Par Sandro CAPO CHICHI / nofi.fr
Une loi originellement créée contre le Ku Klux Klan
Le sénateur de l’Oklahoma Don Barrington a récemment présenté l’amendement d’une loi qui interdirait le port de tout vêtement cachant le visage d’individus sous peine d’avoir à payer une amende allant jusqu’à 500 dollars. Cette loi a toutefois des antécédents dans l’Oklahoma. Dès les années 1920, une loi interdisant le port de couvre-chefs cachant l’identité avait été adoptée pour empêcher les crimes de l’infâme Ku Klux Klan qui ne se produisaient qu’avec le port d’un masque.
Une attaque contre la communauté noire?
Aujourd’hui, la loi s’étendrait donc à tous les contextes de la vie civile. Enfin presque tous, puisque la loi ne s’appliquerait pas dans le cas de couvres-chefs portés pour des raisons de religion, de temps, ou de fêtes comme Halloween.

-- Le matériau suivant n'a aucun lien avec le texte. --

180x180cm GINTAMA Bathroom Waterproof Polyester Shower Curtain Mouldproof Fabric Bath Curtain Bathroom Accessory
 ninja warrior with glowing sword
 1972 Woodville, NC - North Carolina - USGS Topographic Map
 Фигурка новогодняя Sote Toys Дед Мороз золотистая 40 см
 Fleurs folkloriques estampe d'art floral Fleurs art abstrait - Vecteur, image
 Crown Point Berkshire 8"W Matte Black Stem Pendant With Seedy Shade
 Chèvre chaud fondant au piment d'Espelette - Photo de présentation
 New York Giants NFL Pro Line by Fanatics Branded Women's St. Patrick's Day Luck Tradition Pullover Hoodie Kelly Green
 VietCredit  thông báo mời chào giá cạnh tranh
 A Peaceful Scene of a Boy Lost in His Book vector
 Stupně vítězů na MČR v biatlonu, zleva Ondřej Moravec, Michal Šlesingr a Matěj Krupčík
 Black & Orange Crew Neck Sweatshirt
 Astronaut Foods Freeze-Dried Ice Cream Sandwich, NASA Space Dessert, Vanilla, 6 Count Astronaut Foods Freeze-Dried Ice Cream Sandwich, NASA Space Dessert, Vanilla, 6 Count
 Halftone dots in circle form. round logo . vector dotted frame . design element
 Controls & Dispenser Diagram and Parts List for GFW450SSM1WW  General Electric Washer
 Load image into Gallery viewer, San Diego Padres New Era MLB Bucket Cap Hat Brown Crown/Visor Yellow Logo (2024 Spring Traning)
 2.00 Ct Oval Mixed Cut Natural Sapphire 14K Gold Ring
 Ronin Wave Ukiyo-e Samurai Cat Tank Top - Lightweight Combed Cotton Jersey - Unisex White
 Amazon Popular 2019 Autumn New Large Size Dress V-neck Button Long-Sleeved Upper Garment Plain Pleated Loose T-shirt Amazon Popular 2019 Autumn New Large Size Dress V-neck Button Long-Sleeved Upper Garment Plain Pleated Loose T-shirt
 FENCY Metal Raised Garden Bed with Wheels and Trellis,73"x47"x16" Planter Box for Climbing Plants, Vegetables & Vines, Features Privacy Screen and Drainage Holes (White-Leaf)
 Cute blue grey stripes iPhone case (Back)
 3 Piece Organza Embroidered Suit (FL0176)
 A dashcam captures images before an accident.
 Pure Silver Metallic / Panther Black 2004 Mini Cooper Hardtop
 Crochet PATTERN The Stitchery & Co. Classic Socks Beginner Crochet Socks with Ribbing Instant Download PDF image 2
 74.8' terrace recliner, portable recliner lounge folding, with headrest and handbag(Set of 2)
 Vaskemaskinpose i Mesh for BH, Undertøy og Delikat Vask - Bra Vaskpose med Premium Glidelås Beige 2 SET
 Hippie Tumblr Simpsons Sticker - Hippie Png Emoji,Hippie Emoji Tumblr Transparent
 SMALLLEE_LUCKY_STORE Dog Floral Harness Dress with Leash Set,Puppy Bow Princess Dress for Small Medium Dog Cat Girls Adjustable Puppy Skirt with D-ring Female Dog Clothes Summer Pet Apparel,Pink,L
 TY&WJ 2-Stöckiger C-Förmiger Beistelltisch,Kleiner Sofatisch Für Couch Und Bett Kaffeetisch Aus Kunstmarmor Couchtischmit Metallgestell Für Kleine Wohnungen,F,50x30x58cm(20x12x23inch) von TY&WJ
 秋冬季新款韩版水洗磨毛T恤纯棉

Si la loi ne semble pas devoir biaiser les membres de différentes communautés religieuses, on peut se demander si elle n’entraîne en revanche pas un biais envers les communautés ethniques. Le sweat à capuche ou ‘hoodie’ est en effet clairement associé à la ‘culture urbaine’, laquelle est très souvent un euphémisme pour désigner la culture noire.

Une peinture de la série KKK (Kin Killin Kin / frères tuant leurs frères) de James Pate où il comparaît les capuches de jeunes criminels noirs à celle du Ku Klux Klan étaient-elles prémonitoires pour l’Oklahoma?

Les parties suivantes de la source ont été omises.